Despite the decline in sales, Harkenrider said more than 500,000 packs of cigarettes were sold in Kentucky last year. And financial records show the state is receiving far more revenue from the cigarette tax. In 2008, the year before the tax increase, he state government received $165.5 million. Last year, that increased to $272.6 million.

Tonya Chang, the American Heart Association’s advocacy director, welcomed the decline in sales but said Kentucky, which still has one of the highest smoking rates in the nation, needs to do more to discourage people from lighting up.

Chang said she’d like to see Kentucky’s cigarette tax raised to the national average, which now stands at $1.45.

“Selling fewer cigarettes in Kentucky is good news,” she said. “However, since Kentucky still has one of the highest smoking rates in the country, there is a lot more that could be done to address the problem.”

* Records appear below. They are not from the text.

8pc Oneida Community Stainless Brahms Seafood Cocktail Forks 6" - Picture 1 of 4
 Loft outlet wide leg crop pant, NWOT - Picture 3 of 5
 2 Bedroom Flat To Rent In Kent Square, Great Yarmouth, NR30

Chang said the state should spend more than the current $3.7 million a year on smoking prevention and cessation, considering that nearly 25 percent of the state’s population smokes. She said lawmakers also should pass legislation prohibiting smoking in workplaces and public places.

Harkenrider said other factors also played into the decline in cigarette sales in Kentucky, including the growing number of localities that have banned smoking in public places.

More significantly, Harkenrider said, fewer people have been driving to Kentucky from neighboring states to purchase cheaper cigarettes since the higher tax rate was imposed.

State Rep. Tom Riner, D-Louisville, a proponent of the cigarette tax increase, called Harkenrider’s finding regarding the decline in sales “wonderful news.”

“Cardiologists will tell you that smoking cigarettes is perhaps the single most dangerous thing for your overall health,” said Riner, a Baptist minister. “It’s the biggest indicator for heart disease, stroke and lung cancer, so anything to reduce the potential of those diseases would be a blessing.”